職場では異動や退職にともなう送別会のシーズンだが、お世話になった人に感謝の気持ちを伝えたい、強制参加は時間外労働になるなど、送別会に対する考えは人それぞれ。誰もが納得できる送別会とは、どんなものだろう。
パーソナルキャリアが運営する転職市場向けシンクタンク「Job総研」は、現在就業中の20〜50歳代の男女で、JobQ Town登録者386人を対象に送別会意識調査を実施した。2025年(2024年度春)は、新型コロナの流行で大きく減少していた送別会が復活し、2018年よりも多い約53パーセントの職場が実施した。今年は、52.8パーセントが開催予定ということだ。
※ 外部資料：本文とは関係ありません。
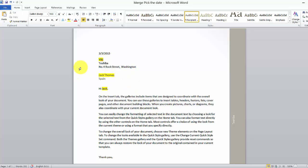Hi everyone. In this video I'm going to explain how to insert address blocks, set the first name and last name, select the greetings, and match the fields. I'll show you the simple way for merge mailings.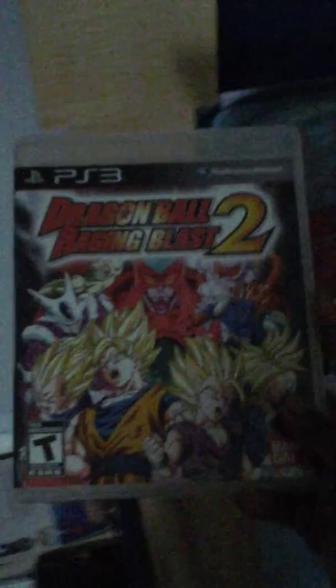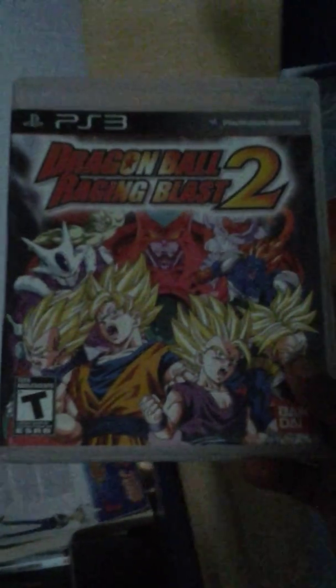I have Dragon Ball Raging Blast 2, my friend asked me to play a little bit of this, I never got to it, and I'm gonna play this. Also, I'm gonna try to use the screen recorder on the PlayStation. I'll see if that works too.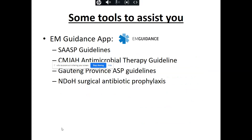Several tools are available to assist. On the EM Guidance app, you can find all the prophylactic guidelines including the SASP ones. There is also the most recent CMJH antimicrobial therapy guideline, the Gauteng Province guideline, and the National Department of Health surgical antibiotic prophylaxis guideline.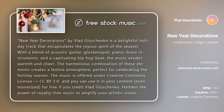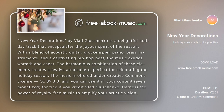New Year Decorations by Vlad Glashchenko is a delightful holiday track that encapsulates the joyous spirit of the season. With a blend of acoustic guitar, glockenspiel, piano, brass instruments, and a captivating hip-hop beat, the music exudes warmth and cheer.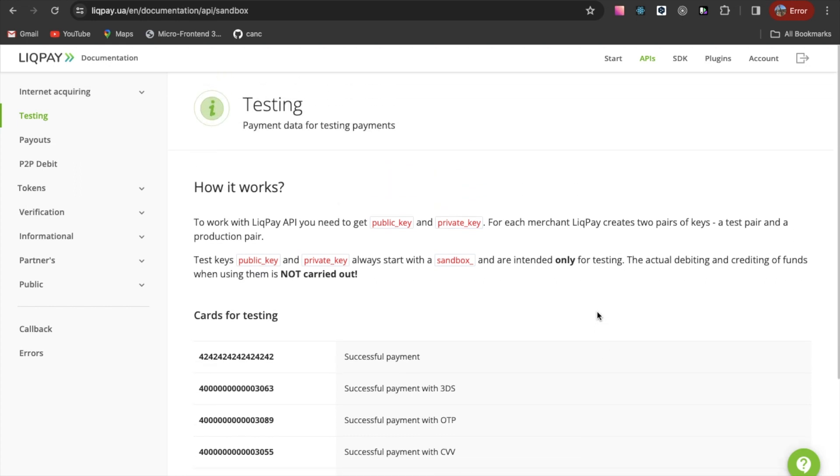Using test keys, you will not be charged, but you will go through all the steps of the payment procedure.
参加意向を聞くと、65パーセントが参加したいと答えていて、意外に多く感じられる。年代別では、もっとも多いのが20代と、これもワークライフバランスを重視するZ世代という表面的な印象とは裏腹の結果となった。
参加したい251人に理由を聞くと、「区切りとして見送りたい」、「直接感謝を伝えたい」、「人間関係を良好に保ちたい」がトップ3。参加したくない135人の理由のトップ3は、「金銭的な負担が気になる」、「プライベートを優先したい」、「業務時間外の拘束と感じる」だった。
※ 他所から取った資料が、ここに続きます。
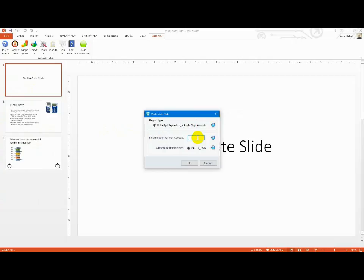Select the number of votes you want each keypad to cast and choose whether you want the audience to vote for any of the options more than once.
送別会という文化そのものの賛否を尋ねると、63.8パーセントが賛成と答えている。賛成派の理由は、「感謝や敬意を表すよさがある」、「人とのつながりを大切にできる」、「温かさや人情を感じられる」など。反対派は「参加が半強制になりやすい」、「本音と建前が乖離しやすい」、「多様な価値観や時代に合わない」などとなった。

これらの回答には、参加するかしないかの理由と意味的に重なる部分がある。つまり、賛成派は「情」を重んじているのに対して、反対派は送別会のあり方に異議を唱えている。これらは相反する対象ではない。言い換えれば、条件さえ納得できれば参加もあり得るということだ。